The 1997 IDEA amendments require that all 
students with disabilities be included in state and 
district assessments or be given an alternative 
examination (U.S. Department of Education, 
1997). The 1994 ESEA Title I amendments (U.S. 
Department of Education, n.d.) require that Title 
I students be tested with the same assessments 
used for all other students in a state. 

The move to include all students in testing 
creates a dilemma for educators, especially when 
test results involve high-stakes consequences. 
For example, testing students in a language they 
don’t understand can produce low, inaccurate 
test scores. On the other hand, excluding certain 
groups can produce an inflated overall picture of 
student performance. 

In order to get an accurate measure of learning 
among all their student groups, states, districts, 
and schools must test all students except those 
with the most severe disabilities, providing 
appropriate accommodations for students with 
disabilities or students who are learning English. 
Examples of reasonable accommodations may 
include such provisions as administering the test in 
a separate location, or in more than one session, or 
in the student’s native language or Braille (Landau, 
Vohs, and Romano, 1998). Test results can be 
interpreted with more accuracy by reporting the 
scores of student subgroups in addition to overall 
student performance (Linn, 1998). 

What are the risks of high-stakes testing? 

Experts continue to debate the wisdom of 
employing high-stakes tests — tests that carry 
significant consequences for schools, educators, 
or students. For schools, those consequences may 
involve the amount of future funding or the 
threat of sanctions. For educators, they may 
include reassignment or termination. For 
students, they may affect the ability to graduate 
or advance to the next grade. 

Many educators and parents credit their districts’ 
use of high-stakes testing for prompting 
students to get serious about learning. A survey 
conducted by Public Agenda in conjunction 
with Quality Counts ‘99, found that 68 percent of 



high school students queried said exit exams 
“make them work harder” (Education Week, 
1999, pp. 53-54). 

But sometimes high-stakes tests produce 
undesirable and unintended consequences, such 
as teaching the test or excluding some students 
from testing (Fuhrman, 1999). Tying 
assessments to students’ graduation or 
promotion can prompt students to drop out or 
increase the number of years necessary to 
graduate (Education Week, 1999, pp. 55-56). 
High-stakes testing also can invite court 
challenges to the accuracy and fairness of the 
measurement tools (Barnes, 1999; Institute for 
the Study of Educational Policy, 1994; Phillips, 
1993). When schools, districts, and states 
evaluate their accountability systems, it is a good 
idea to examine not only the expected, positive 
effects, but also any unintended, negative 
consequences (Linn, 1998). 

Rating school performance 

Another essential component of accountability 
systems is a method of rating school performance 
that incorporates data generated from assessments 
and other measures of student success. The data 
should relate directly to learning and school 
improvement goals. In order to implement a 
rating system, schools, districts, and states must 
determine what outcomes to evaluate, define 
satisfactory performance, and decide whether or 
not to give credit for improved performance. 
Some states and districts also have a system of 
ranking schools in relation to one another. 

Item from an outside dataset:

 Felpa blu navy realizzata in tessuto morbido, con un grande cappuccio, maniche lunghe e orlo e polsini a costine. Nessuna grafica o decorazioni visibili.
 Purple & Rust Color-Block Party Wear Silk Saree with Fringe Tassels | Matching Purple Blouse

What outcomes should be evaluated? 

Rating schools according to student performance 
on a single test is an inherently unreliable way to 
measure school success. State and district 
policymakers can minimize criticism of test 
adequacy and fairness by examining a broader set 
of success indicators, rather than relying only on 
student achievement measures. 

In addition to test scores, some state 
accountability systems incorporate measures 
such as graduation rates, drop-out rates, and 
attendance. Other factors that have been linked 
by researdj with improvements in test scores — 



and over which schools have some control — 
include climate, course-taking patterns, levels of 
parent involvement, and the proportion of 
teachers who are teaching subjects in which they 
majored in college or have been certified to teach 
(Education Week, 1999, p. 33). 

What is satisfactory performance? 

Defining satisfactory performance is largely a 
subjective judgment. State and district 
policymakers can avoid the appearance of 
arbitrariness by defining satisfactory school 
performance in terms that are clear and 
understandable to students, parents, and the 
public (Fuhrman, 1999). It is important to 
promote public understanding by explaining the 
standards-setting process and providing examples 
of items and adequate performance at each level. 

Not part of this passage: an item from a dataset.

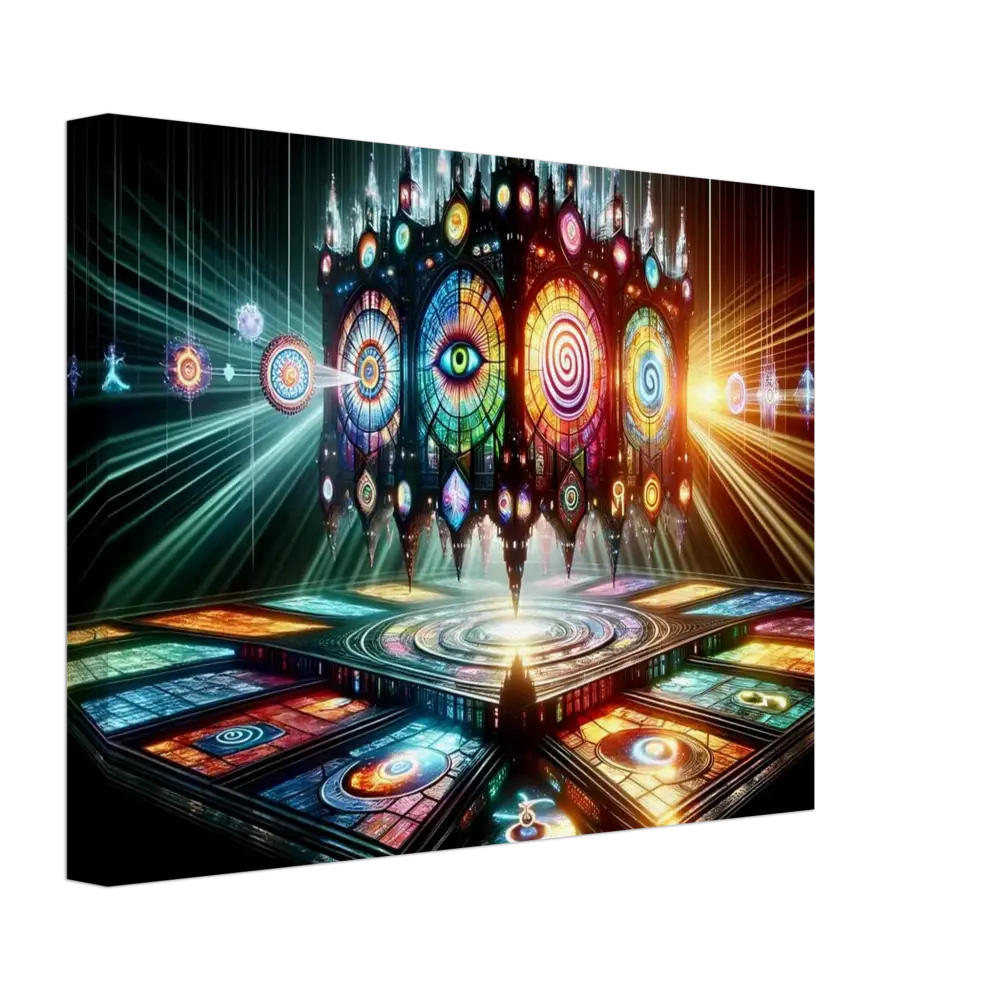 Colorful stained-glass temple in Canvas – Cathedral of the Mind’s Eye PixiOnyx Light Display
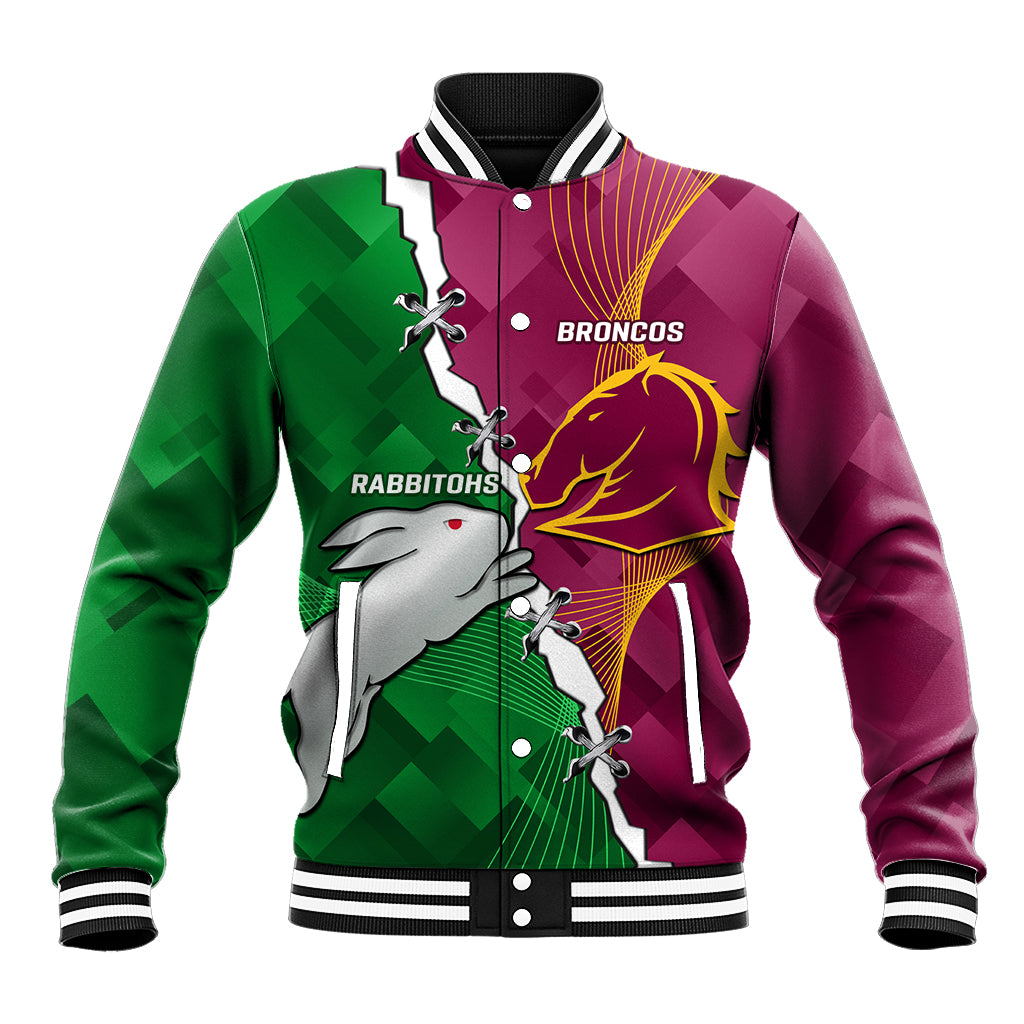 Personalised Broncos And Rabbitohs Baseball Jacket 2024 Together Dynamic Style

Credit for improved performance? 

Should poorly funded schools or schools that serve 
large numbers of students who arrive ill-prepared 
to learn be held accountable to the same 
performance standards as well-funded schools or 
schools with students who are better prepared? In 
order to hold schools accountable for factors within 
their control, some accountability systems focus on 
measuring progress in student achievement. But 
critics cite many examples of schools serving 
disadvantaged populations where achievement is 
high. They point out that continually accepting 
modest growth from low-performing schools 
might mean some students never get the education 
they need to compete as adults. 

One solution is to hold schools accountable for 
both the level of student achievement and 
progress in student achievement (Fuhrman, 
1999). Setting both long-term and short-term 
goals for all schools allows for differences in 
student preparedness during early assessments 
but ultimately requires greater growth rates 
from low-performing schools (Linn, 1998). 

Reporting performance 

Once school performance has been measured and 
rated, how should the results be reported to 
parents, educators, policymakers, and the public? 
Many states publish school report cards. 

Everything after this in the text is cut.